Use yolo26n.pt for a lightweight first YOLO26 run. If those weights are unavailable in the installed Ultralytics package, use yolo11n.pt as the established fallback:

      model: yolo11n.pt

The source/requirements.txt file is installed by the SageMaker PyTorch container before running train.py.

For a CPU smoke test, use a CPU instance and reduce the workload:

sagemaker:
  training:
    image_uri: 763104351884.dkr.ecr.us-east-1.amazonaws.com/pytorch-training:2.6-cpu-py312-ubuntu22.04-sagemaker-v1
    instance_type: ml.m4.xlarge
    instance_count: 1
    source_dir: examples/meter-detection/source
    entry_point: train.py
    hyperparameters:
      model: yolo26n.pt
      epochs: 1
      imgsz: 320
      batch: 4
      workers: 2

3. Check Infrastructure

Confirm the CLI can see the configured SageMaker role and S3 bucket:

uv run qc-cli infra status --config config.yaml

4. Upload The Dataset

Upload the downloaded Roboflow dataset to the s3.data_prefix configured in config.yaml:

uv run qc-cli upload examples/meter-detection/data/electric-meter-detection --config config.yaml

Directory uploads preserve paths relative to the uploaded directory, so SageMaker receives the dataset root with data.yaml plus the split directories.

5. Start Training

Submit the SageMaker training job:

uv run qc-cli train start --config config.yaml

The command prints the submitted SageMaker job name. Check progress with:

uv run qc-cli train status --config config.yaml

Or pass the job name explicitly:

uv run qc-cli train status qc-cli-YYYYMMDD-HHMMSS --config config.yaml

Outputs

When the job completes, SageMaker packages the files written under /opt/ml/model into model.tar.gz.

This example writes:

best.pt
model.onnx
metrics.json

The archive is stored under the configured s3.model_prefix.

Training Hyperparameters

Values under sagemaker.training.hyperparameters are passed to source/train.py as command-line arguments.

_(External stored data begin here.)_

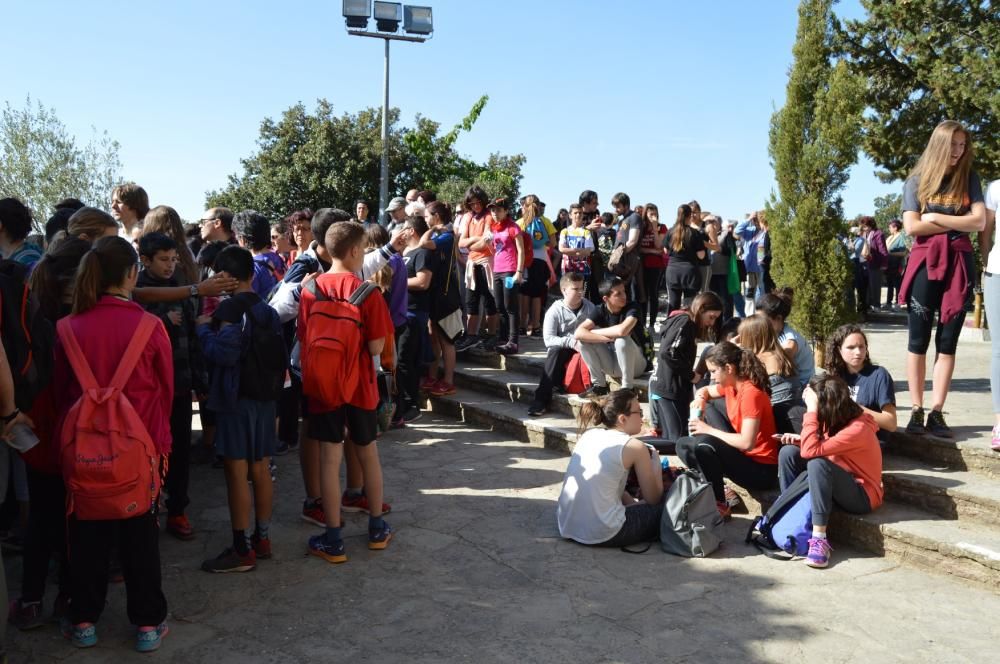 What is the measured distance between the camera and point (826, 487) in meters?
4.68

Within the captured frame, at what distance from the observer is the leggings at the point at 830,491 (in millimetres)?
4654

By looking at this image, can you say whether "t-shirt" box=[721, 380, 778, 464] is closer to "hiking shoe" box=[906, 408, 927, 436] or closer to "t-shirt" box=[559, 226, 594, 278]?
"hiking shoe" box=[906, 408, 927, 436]

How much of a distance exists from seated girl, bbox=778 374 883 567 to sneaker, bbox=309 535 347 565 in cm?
266

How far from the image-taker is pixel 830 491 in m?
4.70

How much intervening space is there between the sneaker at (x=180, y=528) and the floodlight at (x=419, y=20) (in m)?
13.7

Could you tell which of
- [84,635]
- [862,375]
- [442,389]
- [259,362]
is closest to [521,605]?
[259,362]

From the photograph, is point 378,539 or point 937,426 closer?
point 378,539

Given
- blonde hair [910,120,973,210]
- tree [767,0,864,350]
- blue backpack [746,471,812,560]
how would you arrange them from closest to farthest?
blue backpack [746,471,812,560], blonde hair [910,120,973,210], tree [767,0,864,350]

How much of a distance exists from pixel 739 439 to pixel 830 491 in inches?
27.2

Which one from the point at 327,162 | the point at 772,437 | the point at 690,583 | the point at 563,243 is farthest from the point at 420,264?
the point at 327,162

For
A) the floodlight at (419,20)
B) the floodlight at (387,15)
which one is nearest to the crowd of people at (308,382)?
the floodlight at (387,15)

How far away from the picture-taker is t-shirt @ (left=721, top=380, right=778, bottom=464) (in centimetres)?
523

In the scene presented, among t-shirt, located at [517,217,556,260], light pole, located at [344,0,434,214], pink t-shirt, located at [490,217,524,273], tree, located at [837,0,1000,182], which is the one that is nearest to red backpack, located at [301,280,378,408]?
pink t-shirt, located at [490,217,524,273]

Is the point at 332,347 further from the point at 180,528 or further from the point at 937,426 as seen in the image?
the point at 937,426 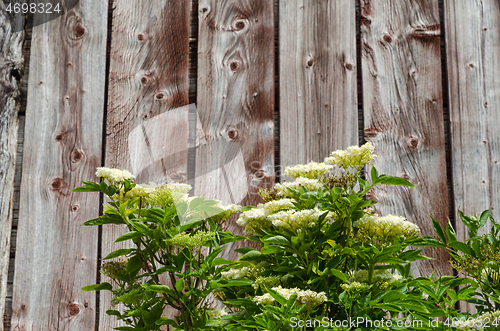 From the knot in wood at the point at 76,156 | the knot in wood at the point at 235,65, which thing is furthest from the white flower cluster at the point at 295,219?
the knot in wood at the point at 76,156

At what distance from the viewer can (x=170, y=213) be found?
859mm

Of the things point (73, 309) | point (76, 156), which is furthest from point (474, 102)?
point (73, 309)

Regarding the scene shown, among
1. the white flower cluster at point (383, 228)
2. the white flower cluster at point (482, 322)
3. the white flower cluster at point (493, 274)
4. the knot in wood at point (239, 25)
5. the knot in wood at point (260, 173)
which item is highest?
the knot in wood at point (239, 25)

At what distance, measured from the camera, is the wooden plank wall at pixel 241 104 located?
4.60ft

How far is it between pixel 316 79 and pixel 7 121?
1.16 m

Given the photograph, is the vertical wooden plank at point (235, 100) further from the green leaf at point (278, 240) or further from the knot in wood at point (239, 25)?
the green leaf at point (278, 240)

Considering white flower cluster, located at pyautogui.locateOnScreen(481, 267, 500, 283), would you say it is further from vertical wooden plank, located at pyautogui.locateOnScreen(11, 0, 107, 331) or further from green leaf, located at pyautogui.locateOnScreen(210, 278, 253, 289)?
vertical wooden plank, located at pyautogui.locateOnScreen(11, 0, 107, 331)

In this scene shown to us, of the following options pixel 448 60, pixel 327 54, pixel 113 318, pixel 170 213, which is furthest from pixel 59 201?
pixel 448 60

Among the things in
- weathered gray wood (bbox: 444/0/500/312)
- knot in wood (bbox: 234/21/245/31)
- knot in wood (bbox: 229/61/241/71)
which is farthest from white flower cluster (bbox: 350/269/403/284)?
knot in wood (bbox: 234/21/245/31)

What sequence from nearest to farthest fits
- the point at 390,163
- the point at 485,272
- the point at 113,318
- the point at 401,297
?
the point at 401,297 → the point at 485,272 → the point at 113,318 → the point at 390,163

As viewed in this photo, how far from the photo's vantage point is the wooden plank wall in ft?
4.60

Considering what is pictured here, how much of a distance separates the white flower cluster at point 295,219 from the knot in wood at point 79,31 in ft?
3.67

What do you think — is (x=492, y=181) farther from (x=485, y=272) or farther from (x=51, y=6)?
(x=51, y=6)

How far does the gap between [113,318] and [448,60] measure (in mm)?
1550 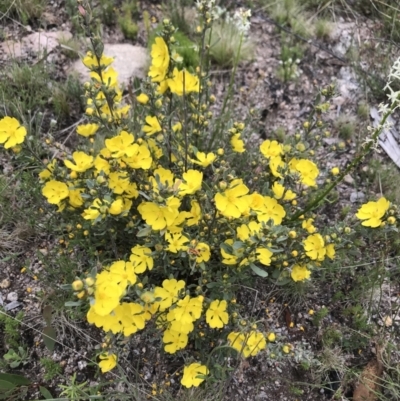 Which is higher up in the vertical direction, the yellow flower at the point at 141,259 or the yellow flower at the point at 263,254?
the yellow flower at the point at 263,254

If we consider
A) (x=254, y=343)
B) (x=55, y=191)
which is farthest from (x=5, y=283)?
(x=254, y=343)

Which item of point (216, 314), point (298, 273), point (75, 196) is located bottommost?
point (216, 314)

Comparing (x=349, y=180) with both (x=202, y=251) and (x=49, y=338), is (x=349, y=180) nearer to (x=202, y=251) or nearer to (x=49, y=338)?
(x=202, y=251)

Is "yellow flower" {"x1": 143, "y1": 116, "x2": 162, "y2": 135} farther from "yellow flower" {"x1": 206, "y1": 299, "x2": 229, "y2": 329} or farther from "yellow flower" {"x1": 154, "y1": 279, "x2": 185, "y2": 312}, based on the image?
"yellow flower" {"x1": 206, "y1": 299, "x2": 229, "y2": 329}

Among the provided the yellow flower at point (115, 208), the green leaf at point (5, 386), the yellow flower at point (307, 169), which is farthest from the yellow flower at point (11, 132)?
the yellow flower at point (307, 169)

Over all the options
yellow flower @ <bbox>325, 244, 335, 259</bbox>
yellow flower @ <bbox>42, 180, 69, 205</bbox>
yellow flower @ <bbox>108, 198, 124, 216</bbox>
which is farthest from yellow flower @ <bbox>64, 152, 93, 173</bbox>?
yellow flower @ <bbox>325, 244, 335, 259</bbox>

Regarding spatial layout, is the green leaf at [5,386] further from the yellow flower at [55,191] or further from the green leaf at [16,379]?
the yellow flower at [55,191] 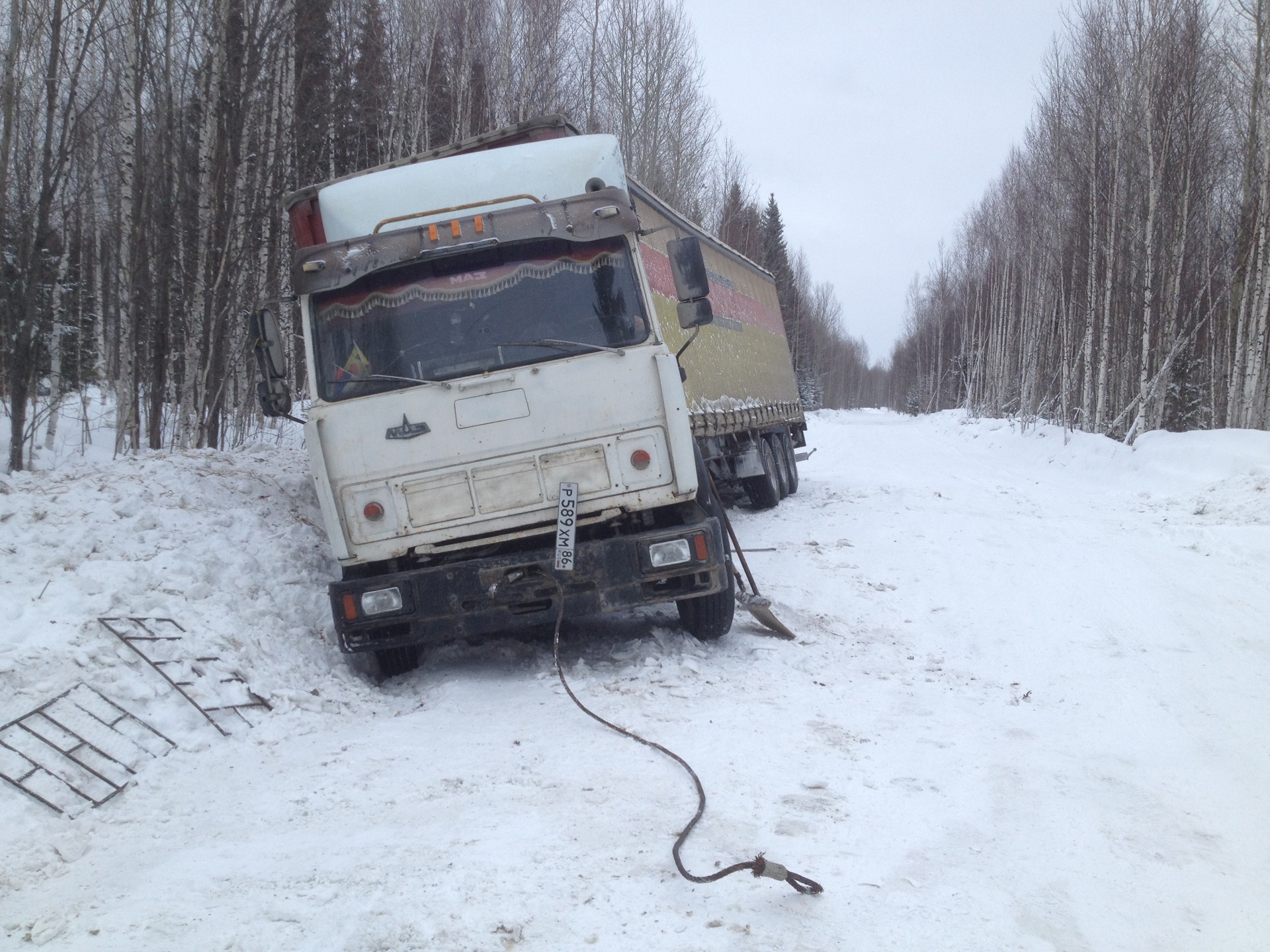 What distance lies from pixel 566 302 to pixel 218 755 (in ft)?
10.2

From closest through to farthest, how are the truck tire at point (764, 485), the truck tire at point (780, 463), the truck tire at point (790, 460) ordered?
the truck tire at point (764, 485), the truck tire at point (780, 463), the truck tire at point (790, 460)

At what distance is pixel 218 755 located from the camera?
4.32 metres

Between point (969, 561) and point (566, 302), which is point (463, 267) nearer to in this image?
point (566, 302)

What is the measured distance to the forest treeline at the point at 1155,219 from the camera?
17.6 m

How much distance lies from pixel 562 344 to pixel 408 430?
3.43 feet

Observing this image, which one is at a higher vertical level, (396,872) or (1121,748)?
(396,872)

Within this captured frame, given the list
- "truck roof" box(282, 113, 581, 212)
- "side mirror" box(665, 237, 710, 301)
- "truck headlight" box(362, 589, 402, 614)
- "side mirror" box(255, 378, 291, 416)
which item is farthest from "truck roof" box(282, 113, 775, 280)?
"truck headlight" box(362, 589, 402, 614)

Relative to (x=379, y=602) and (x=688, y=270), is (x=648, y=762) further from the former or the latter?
(x=688, y=270)

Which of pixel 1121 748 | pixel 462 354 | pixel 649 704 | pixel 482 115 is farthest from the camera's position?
pixel 482 115

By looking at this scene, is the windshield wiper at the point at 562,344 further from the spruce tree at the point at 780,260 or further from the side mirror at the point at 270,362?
the spruce tree at the point at 780,260

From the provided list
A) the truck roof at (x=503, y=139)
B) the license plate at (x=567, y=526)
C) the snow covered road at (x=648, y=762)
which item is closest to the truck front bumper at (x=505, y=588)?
the license plate at (x=567, y=526)

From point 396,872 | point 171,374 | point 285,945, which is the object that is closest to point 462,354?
point 396,872

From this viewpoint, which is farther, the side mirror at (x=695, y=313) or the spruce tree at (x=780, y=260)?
the spruce tree at (x=780, y=260)

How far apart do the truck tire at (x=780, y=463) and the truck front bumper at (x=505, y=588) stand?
24.0 feet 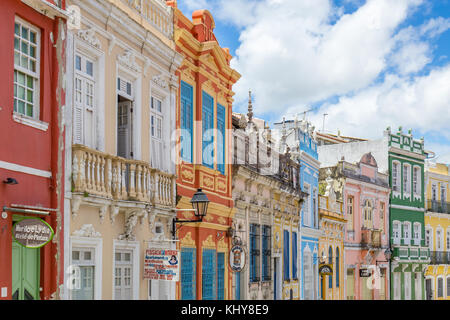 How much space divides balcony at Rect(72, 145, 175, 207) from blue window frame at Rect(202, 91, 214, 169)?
98.1 inches

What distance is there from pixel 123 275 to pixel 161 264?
2.55 ft

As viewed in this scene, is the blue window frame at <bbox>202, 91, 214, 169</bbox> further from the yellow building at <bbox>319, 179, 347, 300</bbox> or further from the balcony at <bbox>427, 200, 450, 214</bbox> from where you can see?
the balcony at <bbox>427, 200, 450, 214</bbox>

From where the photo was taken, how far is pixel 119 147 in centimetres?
1342

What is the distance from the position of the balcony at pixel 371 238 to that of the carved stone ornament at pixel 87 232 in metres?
22.7

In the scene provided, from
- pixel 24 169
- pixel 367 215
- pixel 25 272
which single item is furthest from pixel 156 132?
pixel 367 215

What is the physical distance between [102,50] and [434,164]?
33733mm

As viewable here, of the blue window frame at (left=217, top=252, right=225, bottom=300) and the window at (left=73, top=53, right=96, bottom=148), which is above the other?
the window at (left=73, top=53, right=96, bottom=148)

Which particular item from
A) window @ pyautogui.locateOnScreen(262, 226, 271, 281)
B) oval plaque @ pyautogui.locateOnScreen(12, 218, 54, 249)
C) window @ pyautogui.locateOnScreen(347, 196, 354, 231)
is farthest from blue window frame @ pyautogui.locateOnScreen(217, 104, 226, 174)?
window @ pyautogui.locateOnScreen(347, 196, 354, 231)

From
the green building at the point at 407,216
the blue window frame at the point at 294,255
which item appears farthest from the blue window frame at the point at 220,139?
the green building at the point at 407,216

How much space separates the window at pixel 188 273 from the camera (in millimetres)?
15336

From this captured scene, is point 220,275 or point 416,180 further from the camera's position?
point 416,180

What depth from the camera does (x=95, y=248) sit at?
1172cm

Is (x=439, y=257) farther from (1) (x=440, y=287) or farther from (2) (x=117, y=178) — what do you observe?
(2) (x=117, y=178)

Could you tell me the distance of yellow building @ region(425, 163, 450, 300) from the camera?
130 ft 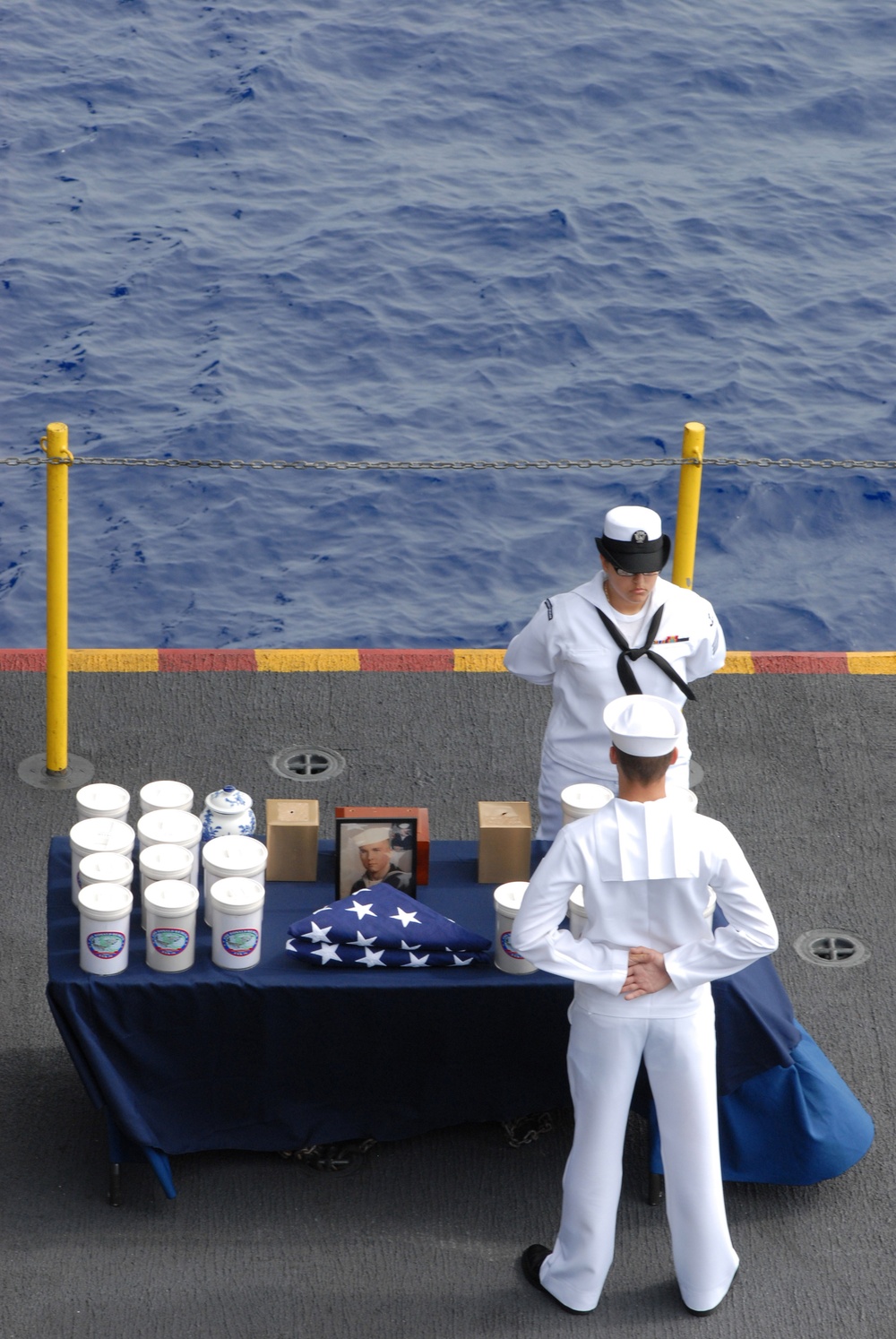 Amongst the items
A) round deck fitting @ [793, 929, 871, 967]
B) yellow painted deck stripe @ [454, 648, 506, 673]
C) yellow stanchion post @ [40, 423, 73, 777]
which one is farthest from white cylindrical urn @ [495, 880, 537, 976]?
yellow painted deck stripe @ [454, 648, 506, 673]

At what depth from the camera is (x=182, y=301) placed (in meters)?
15.5

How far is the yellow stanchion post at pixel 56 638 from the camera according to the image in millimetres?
6477

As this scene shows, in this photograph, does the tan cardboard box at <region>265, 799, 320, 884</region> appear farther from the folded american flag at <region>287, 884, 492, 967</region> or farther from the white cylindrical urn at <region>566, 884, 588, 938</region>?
the white cylindrical urn at <region>566, 884, 588, 938</region>

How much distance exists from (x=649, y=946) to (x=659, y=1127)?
0.48 m

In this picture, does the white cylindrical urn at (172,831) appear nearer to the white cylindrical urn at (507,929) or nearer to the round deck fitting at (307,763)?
the white cylindrical urn at (507,929)

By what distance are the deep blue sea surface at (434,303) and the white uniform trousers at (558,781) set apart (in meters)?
5.98

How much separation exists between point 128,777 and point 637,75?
1590 cm

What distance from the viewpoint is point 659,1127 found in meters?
4.36

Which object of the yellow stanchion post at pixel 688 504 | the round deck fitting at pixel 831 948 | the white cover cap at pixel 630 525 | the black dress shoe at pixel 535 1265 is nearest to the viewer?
the black dress shoe at pixel 535 1265

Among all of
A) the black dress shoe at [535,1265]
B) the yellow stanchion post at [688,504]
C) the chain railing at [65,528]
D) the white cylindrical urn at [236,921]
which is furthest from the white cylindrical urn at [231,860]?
the yellow stanchion post at [688,504]

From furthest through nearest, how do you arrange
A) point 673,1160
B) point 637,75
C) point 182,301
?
1. point 637,75
2. point 182,301
3. point 673,1160

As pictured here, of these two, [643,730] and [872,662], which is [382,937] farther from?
[872,662]

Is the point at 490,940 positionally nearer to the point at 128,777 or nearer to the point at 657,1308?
the point at 657,1308

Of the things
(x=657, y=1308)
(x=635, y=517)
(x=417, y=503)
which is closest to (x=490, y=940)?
(x=657, y=1308) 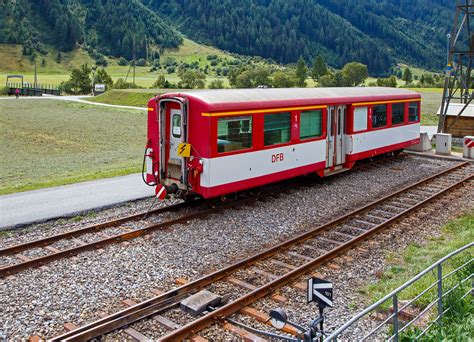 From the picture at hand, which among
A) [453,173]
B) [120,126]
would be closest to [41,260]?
[453,173]

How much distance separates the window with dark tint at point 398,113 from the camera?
2223 cm

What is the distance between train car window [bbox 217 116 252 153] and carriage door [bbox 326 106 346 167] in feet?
15.2

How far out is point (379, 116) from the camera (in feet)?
69.2

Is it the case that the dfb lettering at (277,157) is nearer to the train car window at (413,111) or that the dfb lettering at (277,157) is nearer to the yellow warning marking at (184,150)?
the yellow warning marking at (184,150)

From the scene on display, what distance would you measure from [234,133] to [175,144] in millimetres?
1620

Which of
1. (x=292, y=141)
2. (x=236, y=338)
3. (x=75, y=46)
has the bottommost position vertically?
(x=236, y=338)

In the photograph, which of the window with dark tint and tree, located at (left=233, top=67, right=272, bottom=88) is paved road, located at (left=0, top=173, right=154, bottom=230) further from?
tree, located at (left=233, top=67, right=272, bottom=88)

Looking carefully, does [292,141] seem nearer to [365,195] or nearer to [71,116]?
[365,195]

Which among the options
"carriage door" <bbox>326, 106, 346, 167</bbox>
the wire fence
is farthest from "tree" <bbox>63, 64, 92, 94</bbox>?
the wire fence

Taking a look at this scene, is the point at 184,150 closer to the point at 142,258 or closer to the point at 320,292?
the point at 142,258

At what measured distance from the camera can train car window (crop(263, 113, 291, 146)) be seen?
A: 49.6 feet

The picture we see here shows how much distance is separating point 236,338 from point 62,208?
8.39 m

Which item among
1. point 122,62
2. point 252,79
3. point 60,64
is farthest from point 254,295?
point 122,62

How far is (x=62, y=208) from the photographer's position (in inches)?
578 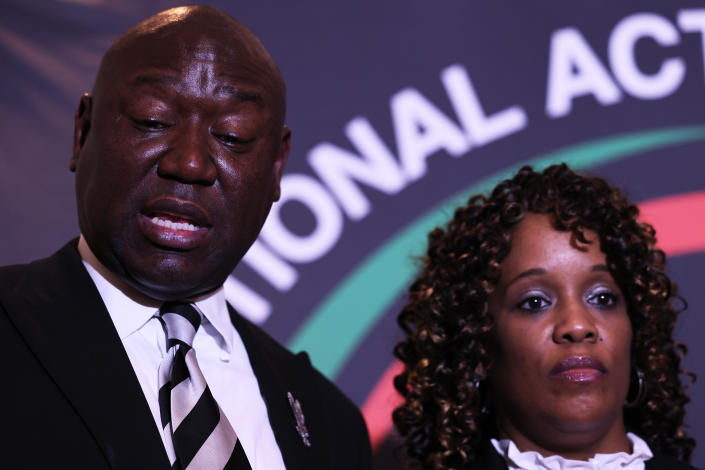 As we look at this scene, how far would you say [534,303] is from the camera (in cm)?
215

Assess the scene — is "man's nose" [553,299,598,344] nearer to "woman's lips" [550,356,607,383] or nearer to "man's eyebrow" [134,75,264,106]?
"woman's lips" [550,356,607,383]

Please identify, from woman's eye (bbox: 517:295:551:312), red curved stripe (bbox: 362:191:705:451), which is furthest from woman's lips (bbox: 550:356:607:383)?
red curved stripe (bbox: 362:191:705:451)

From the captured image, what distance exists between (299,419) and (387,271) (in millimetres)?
888

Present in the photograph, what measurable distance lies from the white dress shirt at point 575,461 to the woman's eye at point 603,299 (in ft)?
1.16

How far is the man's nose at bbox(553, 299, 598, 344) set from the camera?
2.05 metres

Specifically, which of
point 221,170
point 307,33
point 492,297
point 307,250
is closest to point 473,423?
point 492,297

Name Type Default Description
model string yolo26n.pt Ultralytics model weights or model YAML.
epochs int 25 Number of training epochs.
imgsz int 640 Square training image size.
batch int 16 Images per training batch.
workers int 2 DataLoader worker count.
patience int 20 Early stopping patience.
device string auto Optional Ultralytics device value such as 0 or cpu.
data-yaml string auto Optional path to data.yaml; normally discovered from SM_CHANNEL_TRAIN.

Do not set train-dir or model-dir in normal SageMaker runs. SageMaker sets those automatically through SM_CHANNEL_TRAIN and SM_MODEL_DIR.